WASHINGTON — Lax reporting rules created by Congress, coupled with corporate America's eagerness to take advantage, have left millions of workers' and retirees' pension plans underfunded without their knowledge, senators were told yesterday.
United Airlines may have set an unsavory example for others in the airline industry, Senate Finance Committee members were told during a hearing on Capitol Hill. After declaring bankruptcy in 2002, the airline won court approval last month to shed $9 billion in pension obligations, shifting responsibility to the federal Pension Benefit Guaranty Corp.
That has contributed to a $23.3 billion deficit at the agency, which insures private pension plans, and triggered fears of another massive taxpayer bailout similar to the 1980s savings and loan crisis. The agency's head told senators the number of pension plans more than $50 million short of promised benefit levels has risen from 221 in 2000 to 1,108 in 2004. Those funds have an average of just 69 percent of promised benefits on hand.

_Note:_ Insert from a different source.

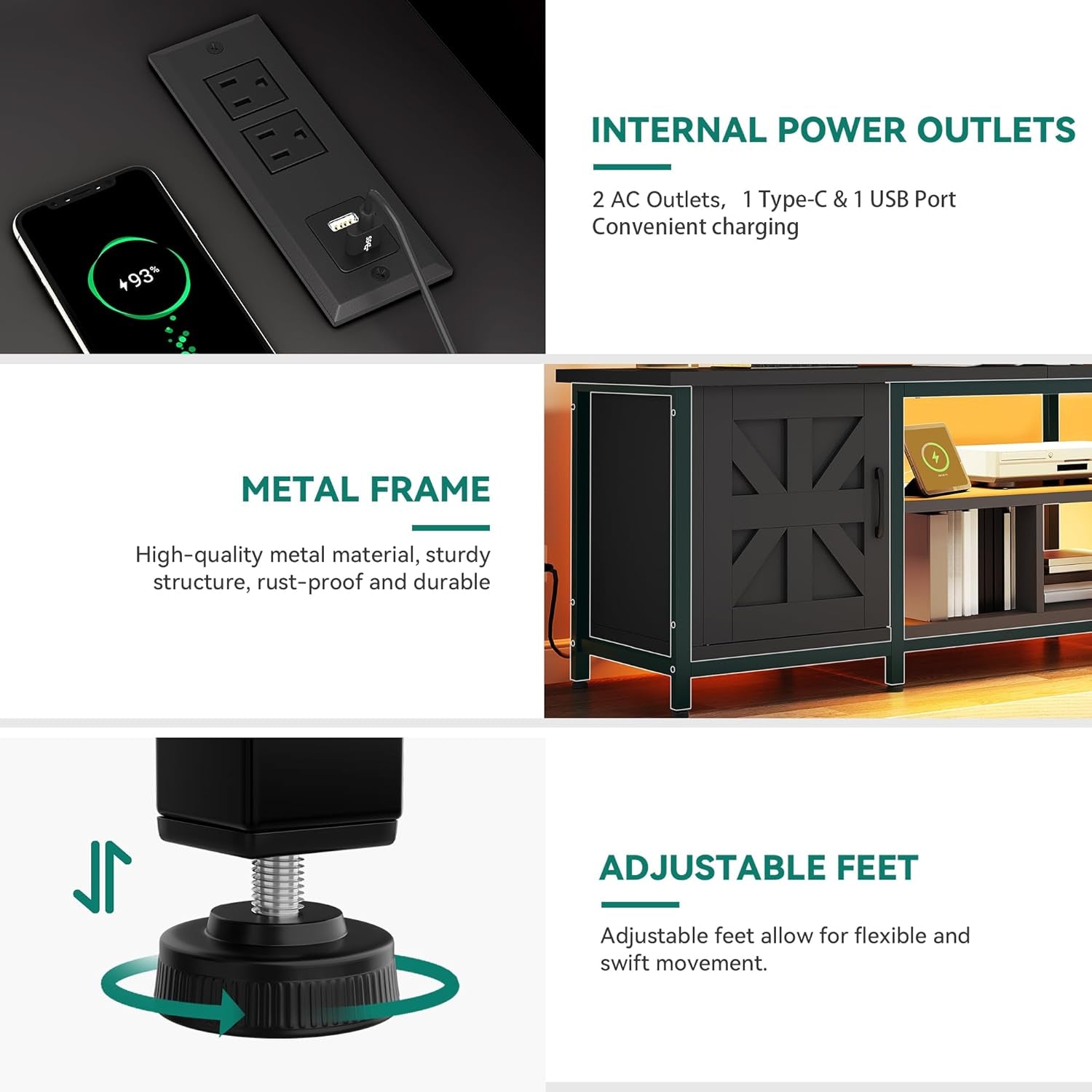 TV Stand with LED Lights & Charging Station, Farmhouse Entertainment Center with Storage Cabinets & Shelves, Cross-Pattern Doors, Fits Tvs up to 70'', TV Consoles for Living Room, Black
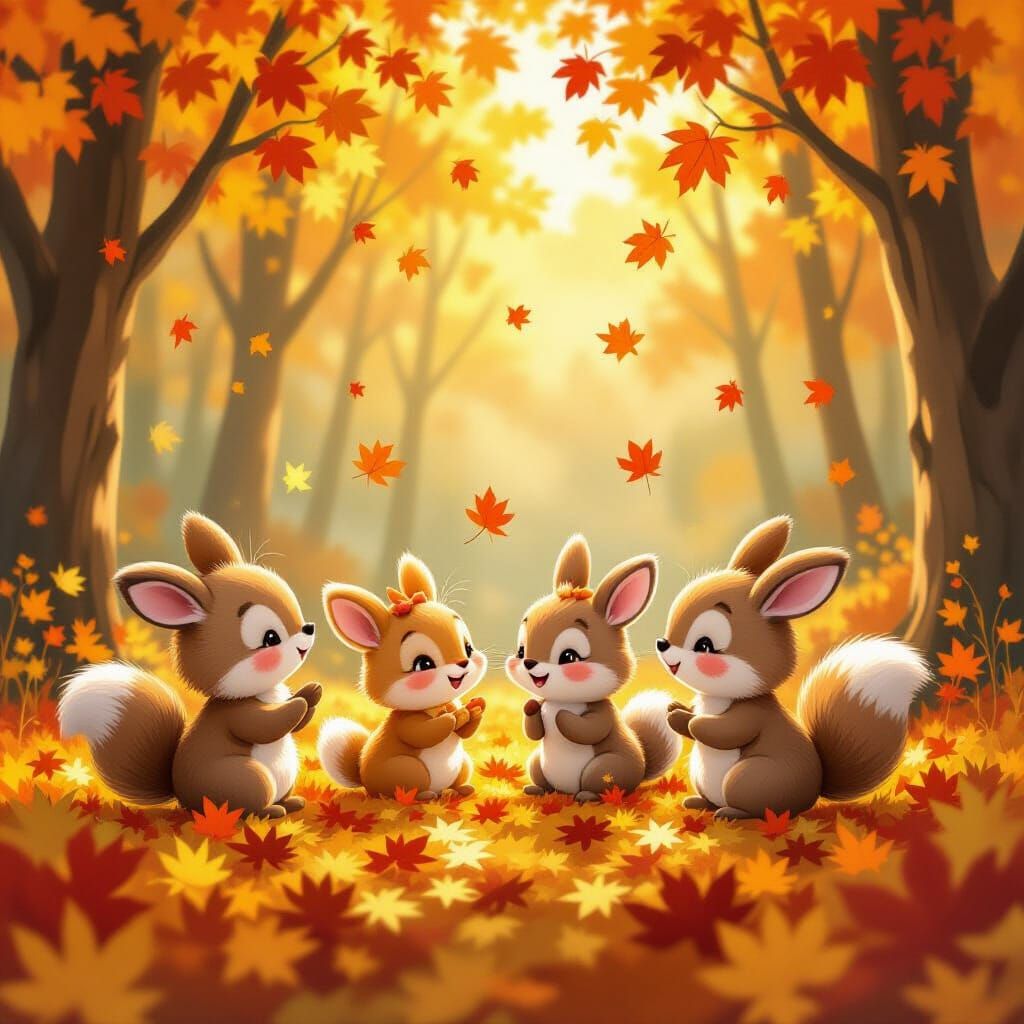 Adorable Forest Creatures in Golden Hour Autumn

"Unfortunately, when it comes to pension funding, too many high-risk companies do what is legally permissible — rather than what is right — when deciding how much money to put into their pension plans," said Comptroller General David Walker, head of the nonpartisan Government Accountability Office.

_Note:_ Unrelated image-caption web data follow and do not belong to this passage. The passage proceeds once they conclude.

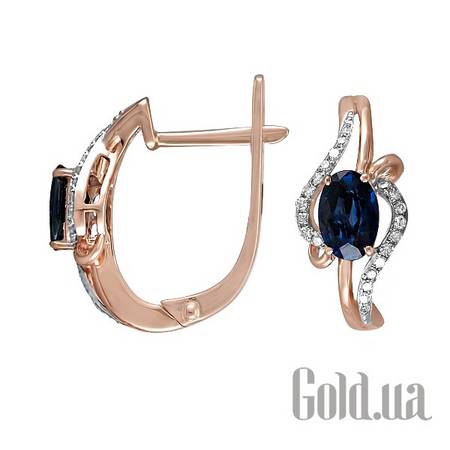 Серьги Золотые серьги с бриллиантами и сапфирами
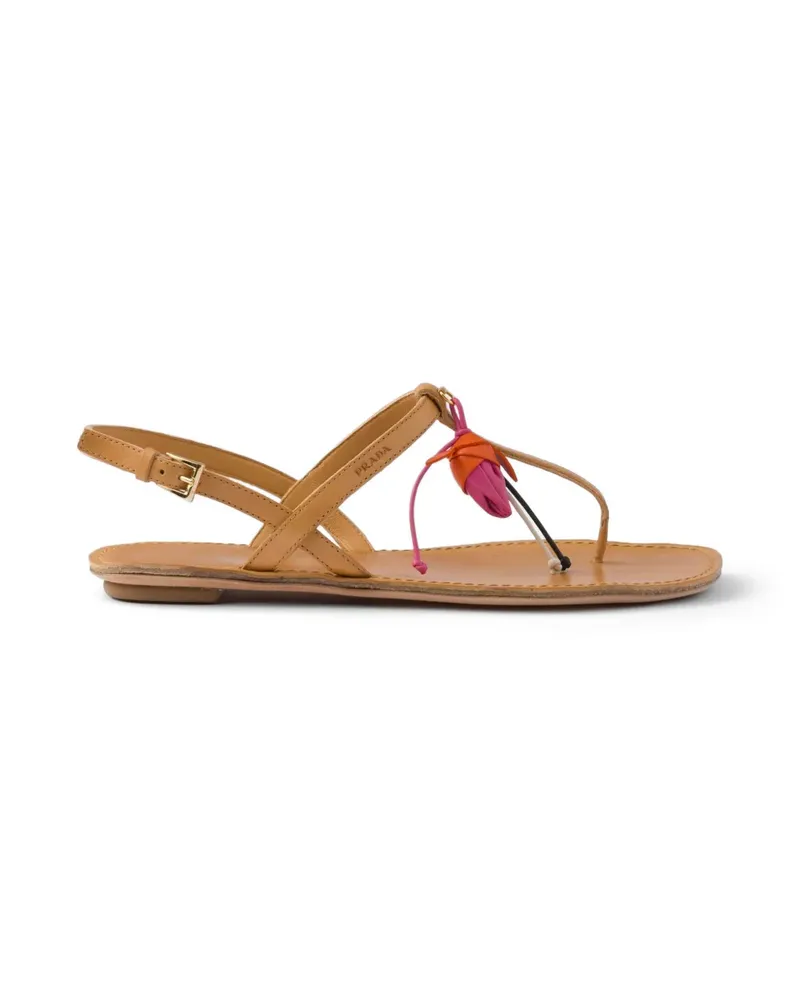 Prada antiqued leather thong sandals with floral ornament - Nude Nude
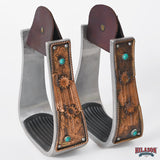 HILASON Western Saddle Stirrup Stirrups Pair Engraved Copper Flower Concho Turquoise Inlay Rubber Tread Pair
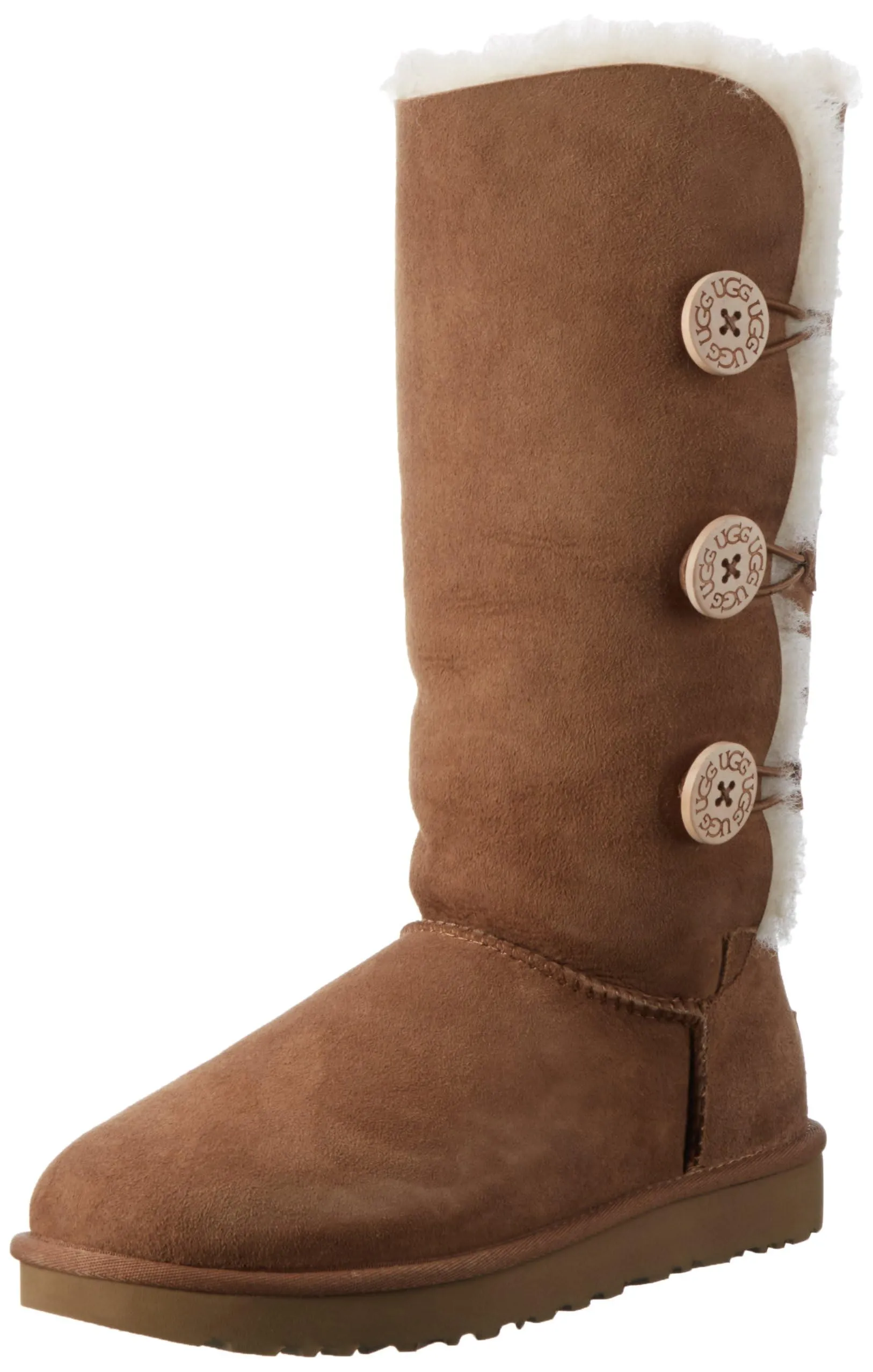 Women's Shoes UGG BAILEY BUTTON TRIPLET Suede & Sheepskin Boots 1016227 CHESTNUT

The statistics and comments prompted calls for swift legislative action this year, on bills pushed by President Bush, Sen. Jay Rockefeller, D-W.Va., and Rep. John Boehner, R-Ohio. In general, the bills create schedules to eliminate funding shortfalls and revise rules that allow companies to conceal underfunding. They also provide greater transparency so that information on the funds now available only to the federal pension guaranty program is shared with the public.

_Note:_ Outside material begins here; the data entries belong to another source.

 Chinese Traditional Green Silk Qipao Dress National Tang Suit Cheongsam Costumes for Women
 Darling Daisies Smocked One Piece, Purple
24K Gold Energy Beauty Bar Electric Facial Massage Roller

"The facts are alarming. The time to act is now. Tinkering with the current rules won't do. Another temporary Band-Aid won't do," said Sen. Charles Grassley, the Iowa Republican who chairs the Finance Committee.
About 34 million people — roughly 20 percent of the nation's work force — expect to receive payments from employers through defined benefit plans.
The risk those workers face was highlighted by the United ruling, in which the Pension Benefit Guaranty Corp. assumed responsibility for paying pensions to 120,000 current and former airline employees. Although they were owed more than $9 billion in pension benefits, they will receive only about two-thirds of that amount — $6.6 billion — because of the agency's insurance limits.
An agency report released yesterday showed that pension rules allowed United to underfund its plan without notifying its employees, paying extra insurance premiums or accelerating its pension payments.
United Chairman Glenn Tilton, the focus of most of the day's sharp questions, said the airline was forced to seek pension relief when the government refused to grant it a $1.1 billion loan guarantee. While conceding the ruling has caused employee pain, he added: "From the outset of the bankruptcy process, our mission has been to enable United Airlines to succeed as an enterprise. Without success for the enterprise, the rest is an academic exercise."